When you have a husband who works from a home office and travels, your life is a curious mix.
When he's home, you know he's home. Yes, he works in his office. Often he's on the phone, and the door is closed. But he gets up early so that he can have breakfast with the girls, he takes a break so we can eat lunch as a family, and no matter how crazy he is, he can always break away for dinner and bedtime - even if that means he is back on the laptop while we're watching TV. I'm still the primary caregiver, but if there is ever a crisis - someone pooped in their bed and needs a major cleanup, someone gets hurt, whatever - he can be there for us in an instant. And even though I try not to do this often, I can run out during naptime to do a toddler unfriendly errand, where it's just quicker and easier to dash out on my own. He's still technically working, he's not taking time off to take over childcare, but he's an adult in the house while they're sleeping.
When he’s not working from home, he’s completely gone. This month, Adam’s been traveling a lot – Monday to Friday. It's all mommy, all day, all the time. If there's a crisis, it's on me. If I have a toddler unfriendly errand, they're coming anyway. If I realize after bedtime that we used up all the milk, I'm not running out to grab a gallon.
You know, because leaving your toddlers at home, alone, is frowned upon.
Adam's been traveling for work for about 95% of the time we've been together. We had one semester together at college, and that summer he started working and being sent out to projects. Whether he's a consultant, a salesman, a project manager, or a specialist, he's always had an element of being "on the road".
But because of that, I'm used to it. I don't panic when I'm the only adult at home. It didn't bother me when we were engaged, when we were married and childless, when we had one child, and now when we have two. It's part of his job, it's part of our life, and I'm very comfortable with this life.
When a friend is anticipating a business trip and a few days of solo parenting, I’m often the one they turn to for advice. Somehow I’ve become the “pro” at short term solo parenting.
My tips are simple:
1) Get Up Early
I'm incredibly spoiled, and generally I can stay in bed until the girls get up (don't get too jealous, it's usually between 6:30 and 7). Adam will get them up and send them into our room to jump on me. When he's gone, I'm the one getting them up. I've learned the hard way that everything goes much more smoothly when I'm already out of bed before the first stirrings in their rooms.
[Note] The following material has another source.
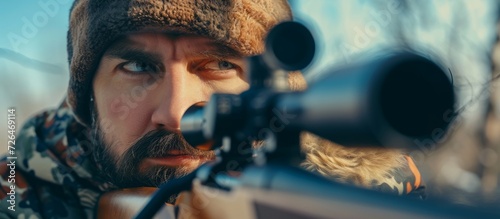 Closeup of a man outdoors with a hunting rifle and camouflage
Know whatever your "tricky times" will be and prepare to handle them. f you normally have help in the mornings, spend a few minutes at night getting everything set out. If solo bath and bed is what’s scary, start the routine early so you aren’t so stressed.
3) Make Dinner Easy
If your kids are anything like mine this can be a treat! This is when I’ll do breakfast for dinner or a burrito bar. Sometimes we have a picnic in the living room. We don’t often eat “kid food” for dinner, but these weeks are the perfect time to use that tool. I make meals in the slow cooker, or get casseroles ready in advance. Not worrying about cooking helps a lot when 5:00 comes.
4) Treat Yourself
I remind myself every time that when the girls are in bed I need to carve out time to relax. Watch your favorite movie, curl up with a book, give yourself a pedicure while watching reality TV. Instead of doing chores like crazy after bedtime, I’ll let the girls watch a show while I organize the kitchen.
5) Use Your Friends
When my husband’s off on a long trip, we’ll often do an extended play date. Instead of two hours in the morning, we’ll stay through the afternoon. We'll set up outings in the afternoons that I wouldn't normally do. I have some adult company for a while, and two moms on four kids can feel much easier than one on two.
6) Get a Break
We have a deal. I take some time away, to myself, one weekend afternoon. If he’s in a period of heavy travel, I’ll take two. Recharging with some time away makes me a better mom when I’m home alone.
7) Find Time to Connect
Adam tries to call when the girls and I are eating dinner. I put the phone on speaker phone, or we’ll Skype, and he’s part of our dinner conversation. If that’s not possible, we find another time. We stay connected, and the girls understand where he is and what he’s doing.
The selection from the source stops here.